• What to produce:
From the line with "Chambray size small" to the last line of the data below, repeat every line exactly and add nothing.

#### Data for analysis ####

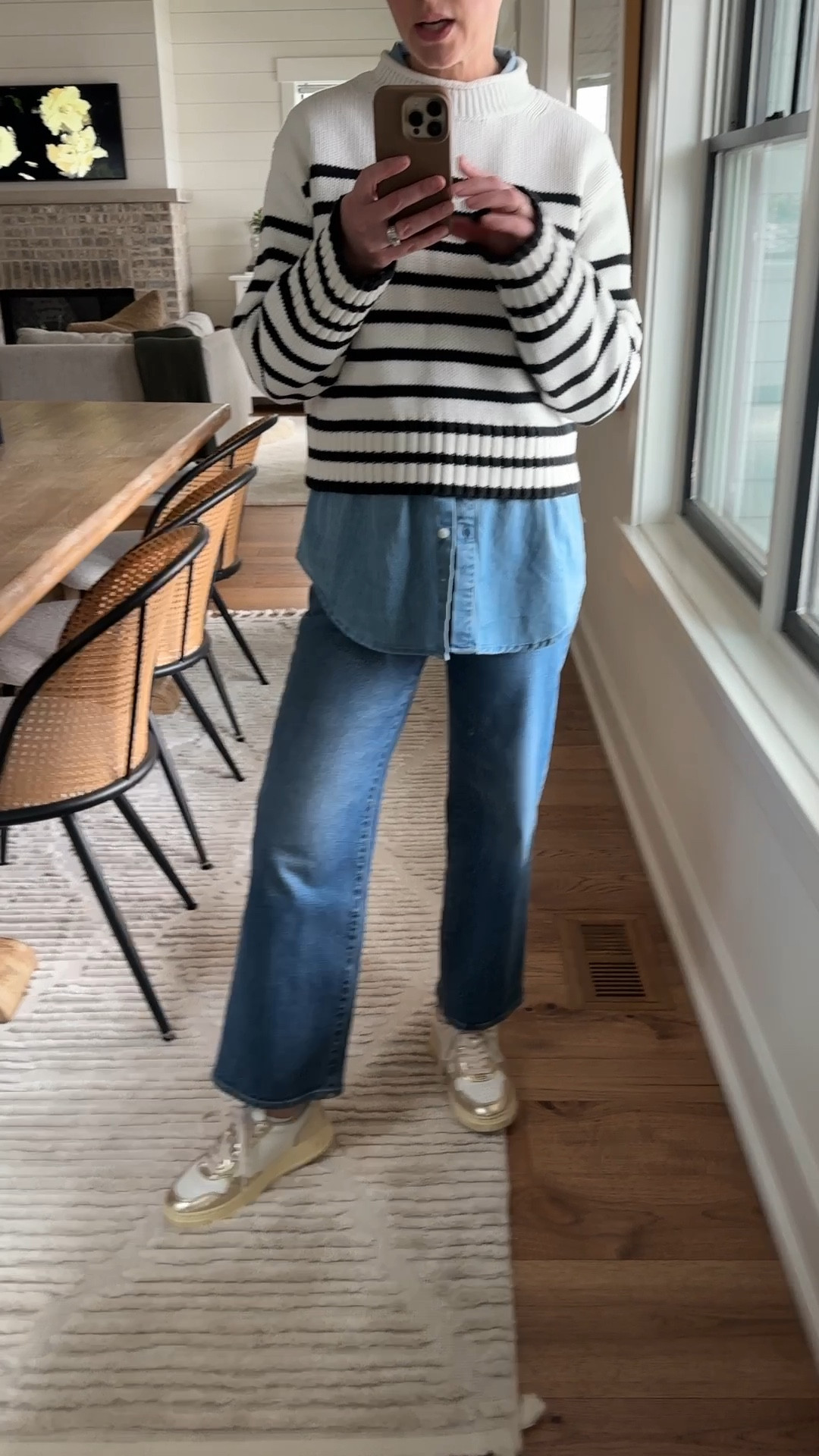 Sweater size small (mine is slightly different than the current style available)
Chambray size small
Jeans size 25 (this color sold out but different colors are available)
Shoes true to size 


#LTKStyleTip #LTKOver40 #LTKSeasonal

####

• Exercise response:
Chambray size small
Jeans size 25 (this color sold out but different colors are available)
Shoes true to size 


#LTKStyleTip #LTKOver40 #LTKSeasonal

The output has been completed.